The market for bonds designed to cover natural catastrophes has taken a hit since the disasters in Japan last month, but it could profit in the end from such dramatic events, specialists say.
“Cat bonds” are a way for reinsurance companies to transfer part of the risks they cover to financial markets.
While providing a layer of protection for issuers, they are also a lucrative investment opportunity, with an average rate of return last year of 11 percent.
Investors accept the risk of losing some or all of their money in the rare event that the specific catastrophe defined in the bond’s issuance occurs before it matures, which is typically after a relatively short period.
“Very often it’s about covering a 100-year event. So it’s pretty safe for investors,” said Steve Evans, director of the Internet group Artemis.bm, which specializes in risk transfers.

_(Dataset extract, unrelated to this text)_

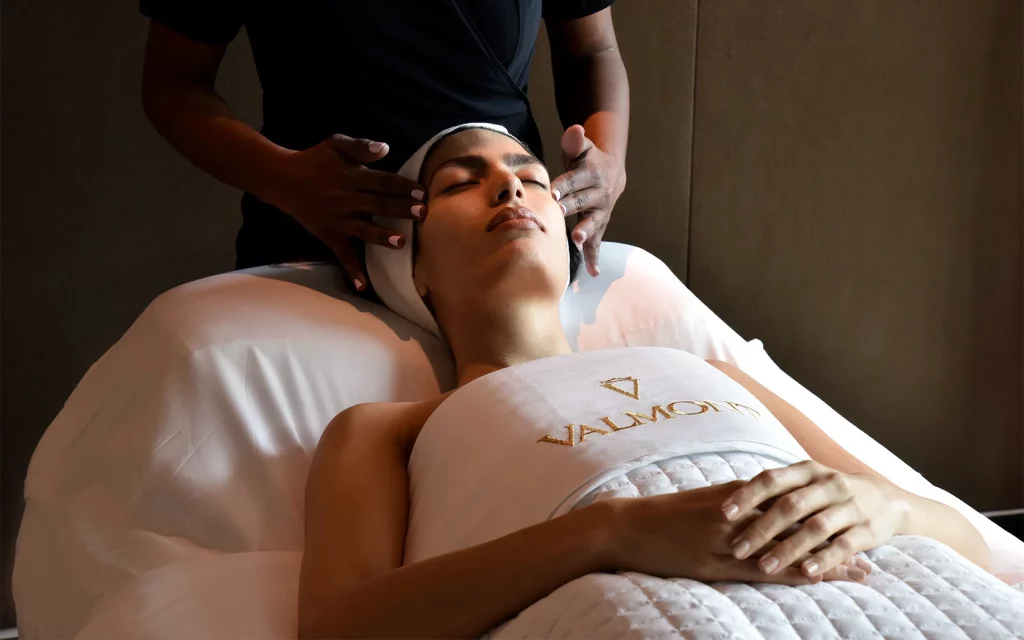 voyages-de-luxe-hotels-the-setai-miami-beach-gallery_valmont_spa_massage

The earthquake and tsunami that struck Japan on March 11 closely resemble the kind of events that cat bonds are meant to cover.
Dirk Schmelzer of the Swiss investment group Plenum Investments said: “It remains to be seen if cat bonds were hit [by the disasters]. It is not improbable.”

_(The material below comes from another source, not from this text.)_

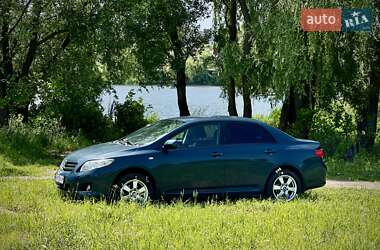 Седан Toyota Corolla 2008 в Виннице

Schmelzer estimated that a total of 11 cat bonds worth US$1.7 billion were potentially exposed to losses from the events in Japan.
The market is of course very worried about that possibility and bond values have fallen sharply since March 11.

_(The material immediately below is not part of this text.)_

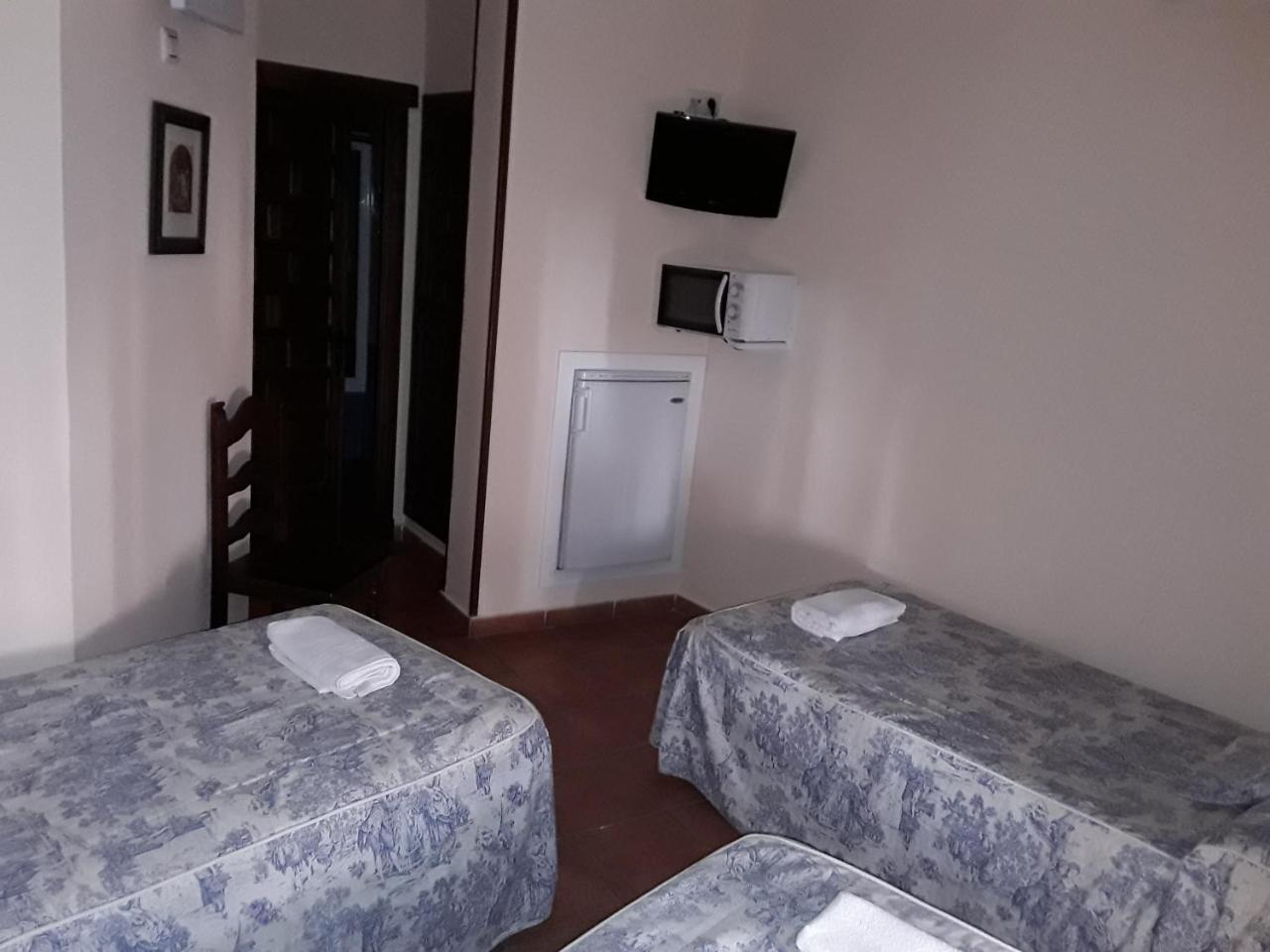 Hostal Rocio Sanlúcar la Mayor Esterno foto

“It is a short-term reaction given the current uncertainty,” Schmelzer said.
He was upbeat, however, about the longer-term viability of a niche global market with an estimated value of US$13 billion.
One reason is because from an investor’s point of view, potential losses in Japan from cat bonds are small compared with the overall losses, which risk assessment company AIR Worldwide has put at between US$20 billion and US$30 billion.
Another is that future regulations on insurance shareholder funds, known in the EU as Solvability 2, could incite insurers to transfer more of their risks to financial markets.
Finally, higher insurance premiums likely to be charged following a string of disasters this year in Australia, Japan and New Zealand could boost the rate of return on cat bonds issued by insurers, Schmelzer said.
The huge costs of natural catastrophes, which caused US$218 billion in damage last year, more than three times the 2009 level according to the reinsurance group Swiss Re, has also sparked interest among some governments.
Israel, South Korea and Taiwan are among those looking at the possibility of bond issues, Evans said.
Such bonds nonetheless remain a kind of luxury financial product for insurance groups, given the high rates of interest they have to offer and strict clauses that make benefiting from the no-payment aspect very rare.
Of the more than 300 cat bonds issued worldwide, issuers have only been able to defer payment on two since 2005, according to information provided by Moody’s investors services.